Muchos dicen, con razón, que esa infeliz salida expresa con meridiana claridad que en este país no existe un régimen de consecuencias, que existe una suerte de sentido común o ley no escrita de que, en los últimos 50 años, todos los grupos y partidos que se suceden en el poder se blindan de cara a cualquier eventual acción de la justicia contra sus desmanes y ese blindaje lo hereda el grupo que lo sucede en el poder. Es más, al dejar el poder el grupo saliente hace todo lo posible para que ese blindaje funcione a la perfección para sus sucesores.
Es la historia de nuestra política, cuyas raíces habría que buscarla en el hecho de que, en este país, a diferencia de otros países de la región, no se registran momentos de profundas reformas o de rupturas del orden social impulsadas por figuras políticas de profundo talante reformador. No hemos tenido esos momentos que, en términos de valores o institucionalidad democrática, han marcado las sociedades de esos reformadores. Pienso en la Costa Rica de un Pepe Figueres, que en su finca organizó un ejército para librar una guerra por la democracia y los derechos de los trabajadores, y una vez en el poder destruyó el ejército regular.

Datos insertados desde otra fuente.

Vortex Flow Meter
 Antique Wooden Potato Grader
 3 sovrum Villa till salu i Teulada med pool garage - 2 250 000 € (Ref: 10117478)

Igualmente, pienso en un Lázaro Cárdenas en México, que enfrentó al imperialismo norteamericano, nacionalizó el petróleo y les dio la tierra a los campesinos. Como lo soñó Zapata; en un Sandino internacionalista y antiimperialista, en un Allende socialista, símbolo de la coherencia política/ideológica, en Jacobo Arbenz en Guatemala, en Haya de la Torre en Perú, en Getulio Vargas en Brasil, entre otros grandes reformadores a quienes no les templó el pulso para enfrentar los grandes latifundistas, la corrupción política de las burocracias parasitarias y del conservadurismo eclesial y social en sus países, dejando en ellos sus profundas improntas en la configuración político/institucional en sus sistemas políticos.
No hemos tenido un reformador de tal calibre, tampoco las fuerzas progresistas han sido capaces de aprovechar determinadas coyunturas con posibilidad de fomentar el surgimiento de liderazgos individuales o colectivos potencialmente reformadores o de ruptura con el régimen vigente. Bosch, en 1963 pudo haber sido esa figura, pero fracasó. Su talante le impidió vencer la hostilidad que hacia él tuvieron los sectores políticos, oligárquicos, sociales, eclesiales, de capas medias, de izquierda y de EEUU. Somos una sociedad conservadora, de los peores en indicadores claves para el desarrollo humano. Ante eso, quienes nos gobiernan responden: ¿y qué? Tal parece, por sus actitudes, que la generalidad de la gente de todos los estratos sociales responde lo mismo.